Sunday, February 04, 2007

Monochrome and CS3 Beta Bridge

Until I started shooting with a digital camera, all my work was shot with Black and White film. I have always loved Monochrome images and although you can change a color digital file to monochrome, I never was totally happy with the transition. I tried Channel Mixer. I tried LAB. I tried a couple of plug-ins that I liked better than making the change in Photoshop but still I wasn't totally satisfied with them either.

Now along comes an early Beta release of Photoshop CS3. I'm not even going to address the reasons for this Beta release or some of the other features but if you have Photoshop this Beta release is worth downloading even though it is still a little buggy. If for no other reason, it is worth downloading for the variety of ways it gives you to change a color digital file to a grayscale digital file. Shutterbug has a great article by George Schaub, CS3 Beta..B&W Improvements and Changes. Schaub outlines the ways you can change the image in Camera Raw and also within Photoshop.

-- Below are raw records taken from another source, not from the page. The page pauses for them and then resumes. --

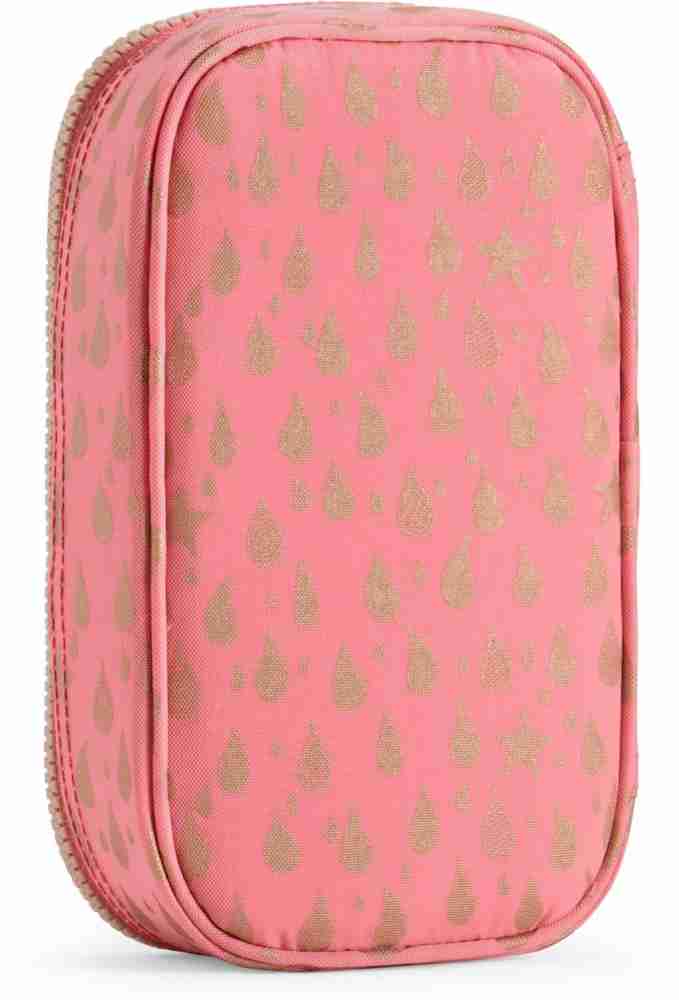100 PENS Pink Gold Drop POUCHES / CASES by Kipling Inside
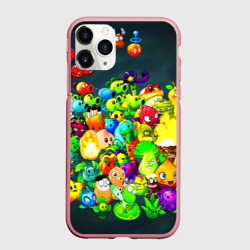 Чехол для iPhone 11 Pro Max матовый Plants vs. Zombies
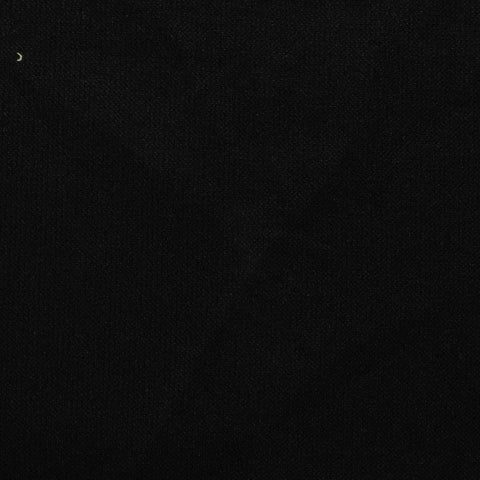 100% Polyester Knit Fabric, 300 gsm, 160 cm — Black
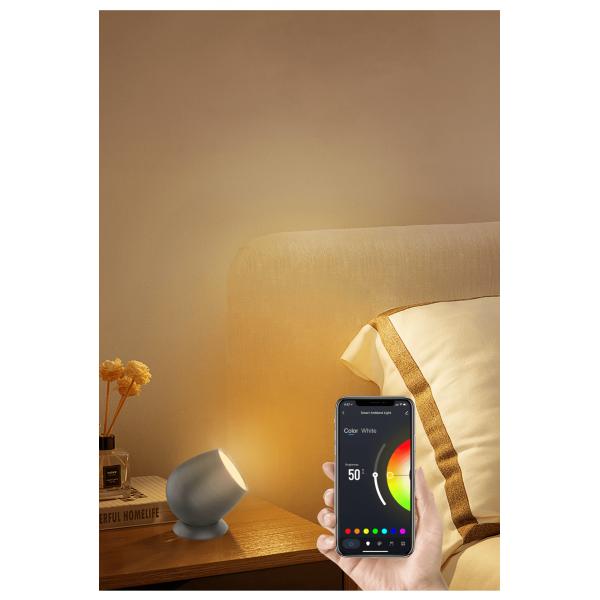 Lumière d'ambiance intelligente Woox r5145, ip20, 210 lm, 2,2w, 3000k ~ 6500k, 100°
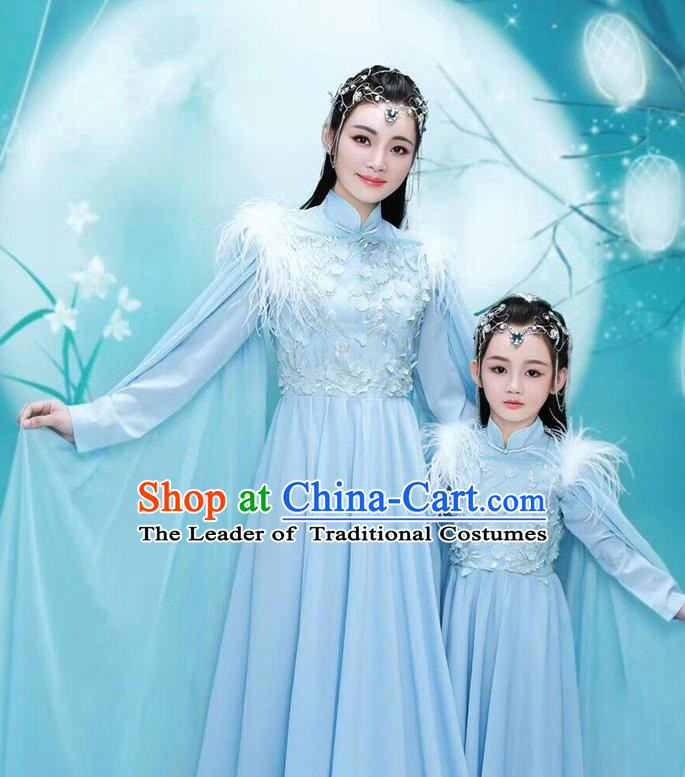 Traditional Ancient Chinese Imperial Consort Costume, Elegant Hanfu Chinese Han Dynasty Embroidered Dress Clothing for Women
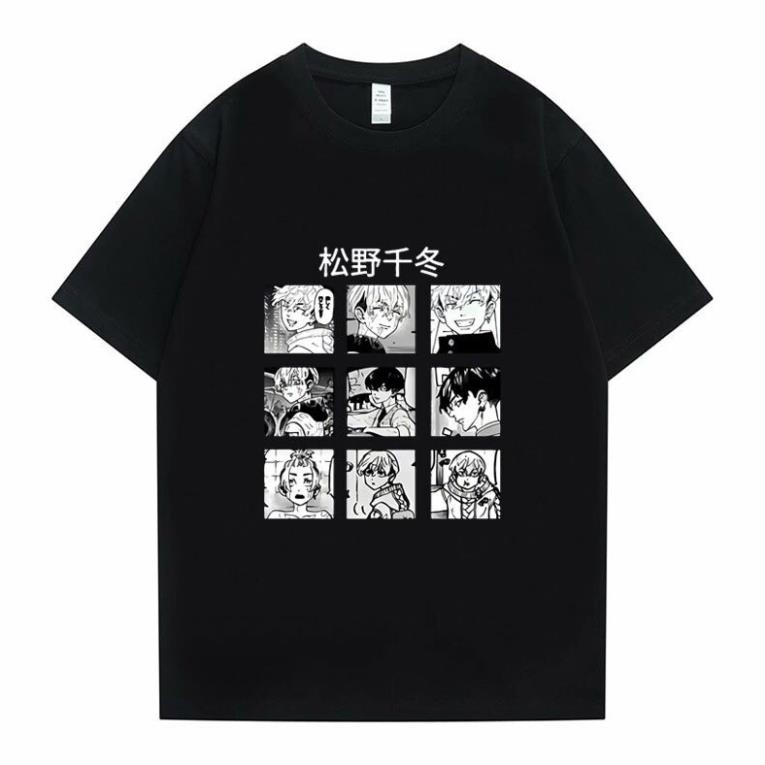 💥HOT💥 Áo Thun, áo phông Tay Ngắn UNISEX SQUID GAME 🔥 HOT🔥 Áo thun in hình Chifuyu Matsuno / Manga Tokyo Revengers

The method that makes me very happy is one of the ways you can convert to B&W in Camera Raw. You can adjust exposure and such on the first screen but then click on the "H" tab and there you have the option for checking grayscale and THEN you have hue sliders so that you can adjust hues and make some of the original colors darker or lighter. More powerful than Channel Mixer. Infinite adjustments to the contrast in your image.....and all of this is before you open the image in Photoshop....all of these changes are totally non-destructive to your image. All your pixels are still very happy!

2 comments:

Howard Grill said...

I was just thinking of starting to play around with some black and white conversions so I am glad to hear there are some easier and very effective options coming along. I have also heard that Lightroom (though I have mixed feeelings about learning new software in addition to Photoshop) also has some easy and effective black and white conversions that con be done from it. Looks like digital black and white might be getting ready to 'break out'!

Billie said...

Howard, I think that more than anything it is the printing of B&W digital images. We want them to glow like a silver image and the paper to have the gloss, Dmax and texture of gelatin silver papers. I think we may be getting there too with some of the new papers.